Литмир - Электронная Библиотека

Пали вожди обеих партий. За ними в скором времени последовали остальные. По этому случаю людей самых несообразных друг с другом смешивали и судили вместе, чтобы упрочить мнение, будто все они соучастники одного заговора. Шометт и Гобель явились рядом с Дильоном и Симоном; отец и сын Грамоны, Лапалю и другие члены революционной армии попали в одну группу с генералом Бейссером. Наконец, жену Эбера, бывшую монахиню, судили вместе с женой Демулена; последняя была красавицей двадцати трех лет, поистине очаровательной. Шометт, всегда такой покорный и послушный, был обвинен в заговоре с коммуной против правительства, в том, что морил народ голодом и возмущал своими сумасбродными представлениями.
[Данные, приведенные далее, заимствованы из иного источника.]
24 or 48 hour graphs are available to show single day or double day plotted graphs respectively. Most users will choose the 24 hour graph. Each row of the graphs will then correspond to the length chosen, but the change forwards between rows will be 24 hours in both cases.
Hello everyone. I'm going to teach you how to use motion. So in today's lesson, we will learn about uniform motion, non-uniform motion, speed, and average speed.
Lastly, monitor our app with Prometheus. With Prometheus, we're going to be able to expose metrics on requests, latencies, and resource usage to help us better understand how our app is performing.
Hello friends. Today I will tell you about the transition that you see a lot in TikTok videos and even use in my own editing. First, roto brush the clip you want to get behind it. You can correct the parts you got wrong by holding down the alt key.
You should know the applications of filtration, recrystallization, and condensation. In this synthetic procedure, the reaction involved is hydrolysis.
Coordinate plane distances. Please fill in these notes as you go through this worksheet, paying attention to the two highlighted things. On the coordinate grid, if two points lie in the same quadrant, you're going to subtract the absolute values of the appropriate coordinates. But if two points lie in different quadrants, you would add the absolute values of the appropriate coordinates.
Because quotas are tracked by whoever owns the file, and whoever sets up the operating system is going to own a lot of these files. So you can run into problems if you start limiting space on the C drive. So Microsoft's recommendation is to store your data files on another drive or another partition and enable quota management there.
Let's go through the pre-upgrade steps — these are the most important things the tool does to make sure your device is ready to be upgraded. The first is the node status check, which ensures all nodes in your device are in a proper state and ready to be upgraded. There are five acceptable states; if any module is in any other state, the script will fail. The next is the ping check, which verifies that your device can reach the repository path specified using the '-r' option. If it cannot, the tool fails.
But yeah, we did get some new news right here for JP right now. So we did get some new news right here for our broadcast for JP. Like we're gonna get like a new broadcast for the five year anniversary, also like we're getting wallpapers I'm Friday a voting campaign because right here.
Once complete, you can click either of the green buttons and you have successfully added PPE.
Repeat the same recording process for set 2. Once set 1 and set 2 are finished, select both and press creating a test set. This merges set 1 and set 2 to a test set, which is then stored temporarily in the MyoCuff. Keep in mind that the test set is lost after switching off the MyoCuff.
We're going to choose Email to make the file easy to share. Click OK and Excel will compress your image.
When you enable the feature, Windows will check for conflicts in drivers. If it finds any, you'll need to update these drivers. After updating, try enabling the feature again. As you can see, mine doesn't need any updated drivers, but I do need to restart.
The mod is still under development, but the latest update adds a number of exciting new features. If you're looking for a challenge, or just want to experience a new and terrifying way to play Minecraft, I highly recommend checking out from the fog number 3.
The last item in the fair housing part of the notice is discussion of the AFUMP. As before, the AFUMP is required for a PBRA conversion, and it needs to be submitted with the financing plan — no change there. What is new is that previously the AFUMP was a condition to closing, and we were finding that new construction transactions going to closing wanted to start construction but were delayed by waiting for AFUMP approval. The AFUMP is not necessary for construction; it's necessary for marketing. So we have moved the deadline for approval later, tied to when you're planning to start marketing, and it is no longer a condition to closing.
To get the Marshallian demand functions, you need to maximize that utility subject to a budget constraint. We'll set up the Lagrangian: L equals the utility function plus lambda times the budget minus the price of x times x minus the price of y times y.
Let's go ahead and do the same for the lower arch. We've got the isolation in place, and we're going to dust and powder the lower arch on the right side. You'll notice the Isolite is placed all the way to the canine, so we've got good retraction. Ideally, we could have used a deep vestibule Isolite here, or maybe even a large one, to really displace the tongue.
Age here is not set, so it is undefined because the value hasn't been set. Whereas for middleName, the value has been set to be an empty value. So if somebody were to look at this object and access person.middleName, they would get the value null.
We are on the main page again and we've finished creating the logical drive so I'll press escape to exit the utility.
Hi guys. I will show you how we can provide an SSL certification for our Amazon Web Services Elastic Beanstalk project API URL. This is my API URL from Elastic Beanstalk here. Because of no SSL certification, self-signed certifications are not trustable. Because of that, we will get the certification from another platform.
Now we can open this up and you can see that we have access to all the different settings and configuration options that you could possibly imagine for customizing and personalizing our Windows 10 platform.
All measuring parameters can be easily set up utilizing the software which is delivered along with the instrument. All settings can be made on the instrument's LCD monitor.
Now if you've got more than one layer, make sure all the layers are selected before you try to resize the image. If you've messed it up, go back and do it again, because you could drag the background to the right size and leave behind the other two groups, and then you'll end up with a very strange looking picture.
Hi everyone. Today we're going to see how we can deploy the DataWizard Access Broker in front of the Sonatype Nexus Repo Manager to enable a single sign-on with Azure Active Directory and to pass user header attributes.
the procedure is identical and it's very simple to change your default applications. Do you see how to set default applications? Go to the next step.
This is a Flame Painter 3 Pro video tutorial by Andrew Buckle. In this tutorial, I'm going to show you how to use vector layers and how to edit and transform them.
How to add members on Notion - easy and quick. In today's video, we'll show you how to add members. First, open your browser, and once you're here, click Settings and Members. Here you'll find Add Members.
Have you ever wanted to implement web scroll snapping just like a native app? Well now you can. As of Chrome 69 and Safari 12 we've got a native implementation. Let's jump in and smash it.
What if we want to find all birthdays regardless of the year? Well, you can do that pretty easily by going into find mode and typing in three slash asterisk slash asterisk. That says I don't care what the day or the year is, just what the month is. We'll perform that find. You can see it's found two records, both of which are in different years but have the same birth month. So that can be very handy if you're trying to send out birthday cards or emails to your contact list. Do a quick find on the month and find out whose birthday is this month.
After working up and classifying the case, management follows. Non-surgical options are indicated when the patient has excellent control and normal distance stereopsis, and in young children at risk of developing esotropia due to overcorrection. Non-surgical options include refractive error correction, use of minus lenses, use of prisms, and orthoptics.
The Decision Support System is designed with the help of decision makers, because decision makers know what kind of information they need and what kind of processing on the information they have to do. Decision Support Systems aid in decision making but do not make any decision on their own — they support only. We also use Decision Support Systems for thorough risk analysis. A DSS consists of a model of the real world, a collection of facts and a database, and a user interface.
Гобель был признан сообщником Клоотса и Шометта; Дильон был приговорен на том основании, будто намеревался открыть тюрьмы в Париже и вырезать Конвент и комитеты, чтобы спасти своих друзей. Генерал Бейссер, так активно способствовавший спасению Нанта, вместе с Канкло, заподозренным в федерализме, был признан сообщником ультрареволюционеров. Жена Эбера была приговорена в качестве сообщницы своего мужа. Сидя на одной скамье с женою Демулена, она говорила ей: «Вы-то счастливая, против вас нет обвинений. Вы будете спасены». Действительно, единственное, в чем можно было обвинить эту молодую женщину, это страстная любовь к мужу и упорство, с каким она беспрестанно бродила около тюрьмы со своими детьми, чтобы видеть их отца и показывать им его. Тем не менее обе были приговорены и погибли в качестве сообщниц всё того же заговора. Бедная Люсиль Демулен умерла с мужеством, достойным ее любимого. После Шарлотты Корде и госпожи Ролан ни одна жертва не внушала такого нежного участия и глубокого сострадания.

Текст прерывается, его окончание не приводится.